Uma matéria da jornalista Marta Salomon na Piauí de outubro do ano passado escancarava o “puxadinho militar com dinheiro da Amazônia” durante a Operação Verde Brasil 2: reformas em quartéis que incluíam pintura de paredes, troca de pisos, portas, revestimentos e telhados entravam nos gastos da operação, além de “gastos sigilosos” em contratos do Centro de Inteligência do Exército com empresas privadas. À medida que os gastos com preservação do Ministério do Meio Ambiente caíam, cresciam os investimentos em missões de GLO: em 2021, 37% dos gastos para frear o desmatamento eram alocados às ações militares.

Outra medida do governo envolvendo os militares (ou dos militares envolvendo o governo) foi a “intervenção” na Funai. Levantamento de Daniel Giovanaz no Brasil de Fato, em fevereiro do ano passado, revelava que de 24 coordenações regionais da Fundação Nacional do Índio, 14 eram lideradas por militares. Um deles era Jussielson Golçalves Silva, militar inativo da Marinha preso em março deste ano por intermediar o arrendamento de terras indígenas para pecuaristas em Ribeirão Cascalheira, no Mato Grosso. Outra matéria de Marta Salomon revela o caso do capitão Raimundo Pereira dos Santos Neto, coordenador regional da Funai no Pará que cedeu a um “colaborador”, Antônio Júlio Martins de Oliveira, um galpão construído às margens do Rio Iriri sob o pretexto de atender os indígenas kayapós da região. O colaborador era um garimpeiro, e o galpão da Funai era usado na atividade ilegal.

 Leia também – A exceção tem suas próprias regras (ou: um golpe é possível?) 

Como reportou a Folha, as três operações de GLO que instituíram a intervenção militar direta sobre a Amazônia por um ano e meio custaram R$ 550 milhões – quase seis vezes o orçamento do Ibama para fiscalização ambiental, licenciamento e gestão da biodiversidade no ano de 2020. O governo federal diz que as operações “atestam intransigência na defesa do nosso território”. O general-vice-presidente Mourão, presidente do Conselho da Amazônia, declarou que os resultados da Operação Samaúma foram “extremamente positivos”, apesar dos dados mostrarem que durante as GLOs o desmatamento continuou a crescer.
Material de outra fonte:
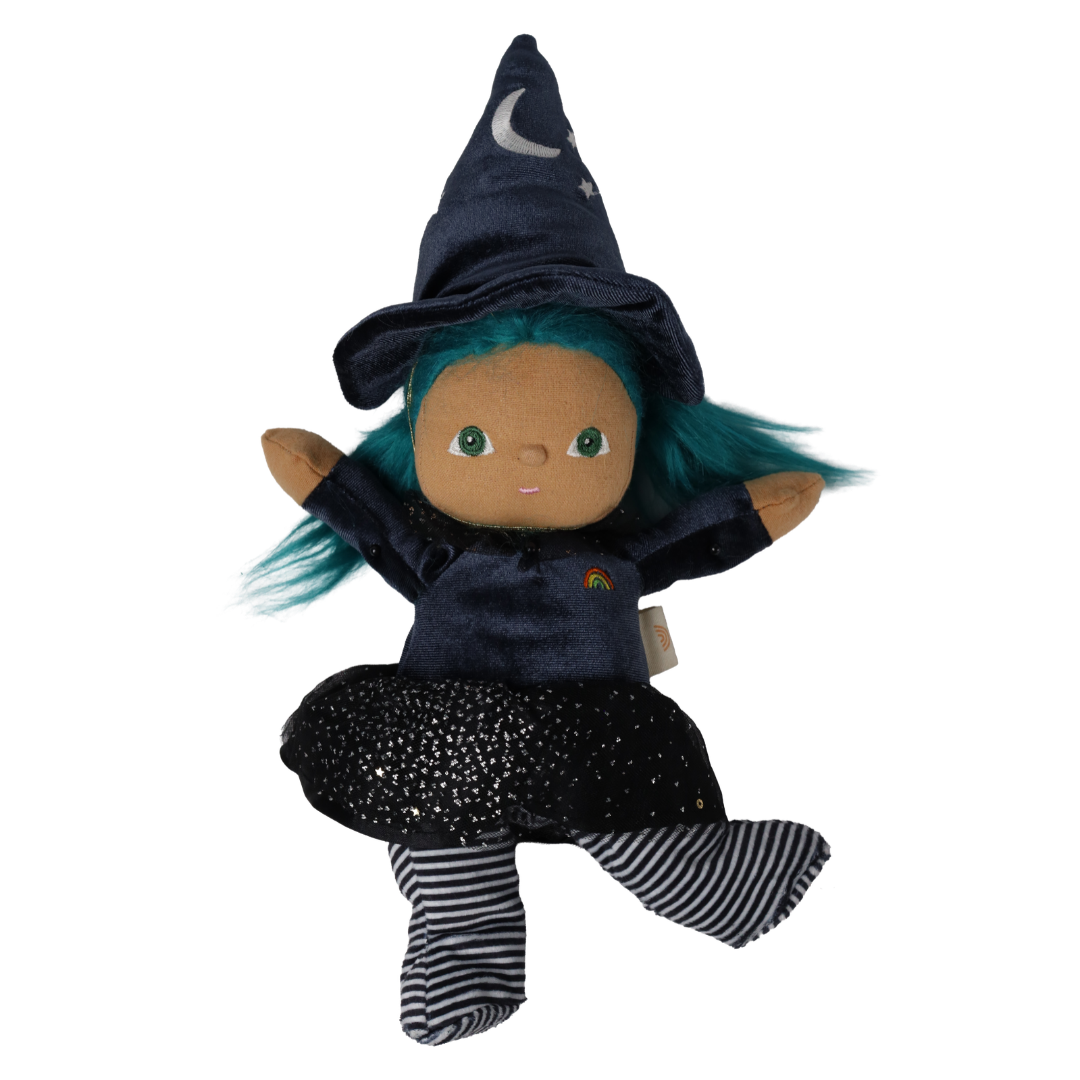 Dinky Dinkum - Winnie Witch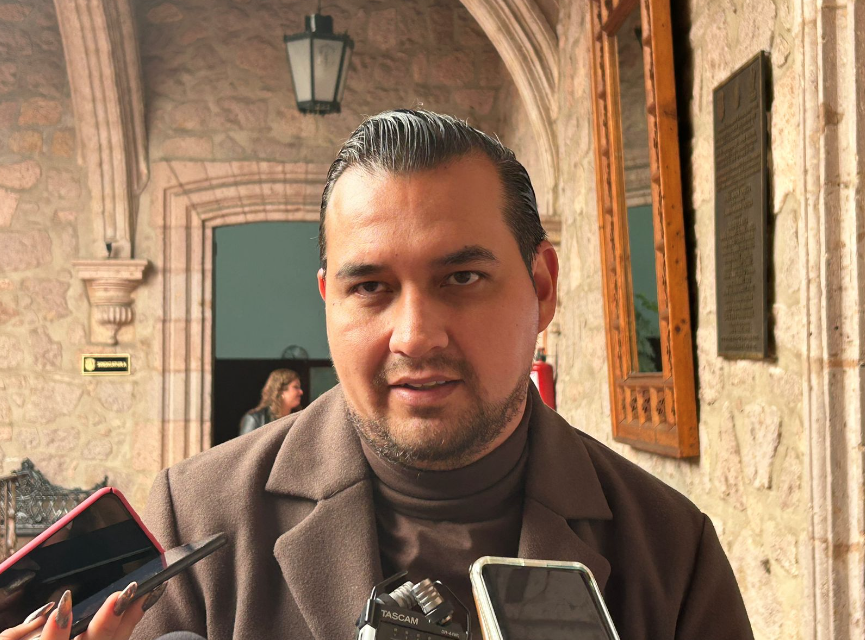 Jornada de Vacunación en Morelia contra COVID-19/Influenza comenzará la primera semana de noviembre Jornada de Vacunación en Morelia contra COVID-19/Influenza comenzará la primera semana de noviembre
Em abril deste ano, o vice disse que os dados de desmatamento da Amazônia no mês – quando as operações militares não estavam mais ativas – foram “péssimos, horrorosos”. A questão que se impõe entre as contraditórias declarações: a tutela e a intervenção militar sobre a Amazônia trouxe resultados horrorosamente positivos ou positivamente péssimos?

O desaparecimento do indigenista Bruno Pereira e do jornalista inglês Dom Phillips no último domingo (5) no Vale do Javari, no Amazonas, certamente nada tem a ver, diretamente, com a tutela e a intervenção militar na Amazônia, apesar da demora do início das buscas pelas Forças Armadas e do escândalo em torno das notas que o Comando Militar da Amazônia (CMA) emitiu. Indiretamente, no entanto, diz tudo o título de uma matéria escrita pelo jornalista desaparecido em 2018: “Tribos em águas profundas: ouro, armas e a última fronteira da Amazônia”.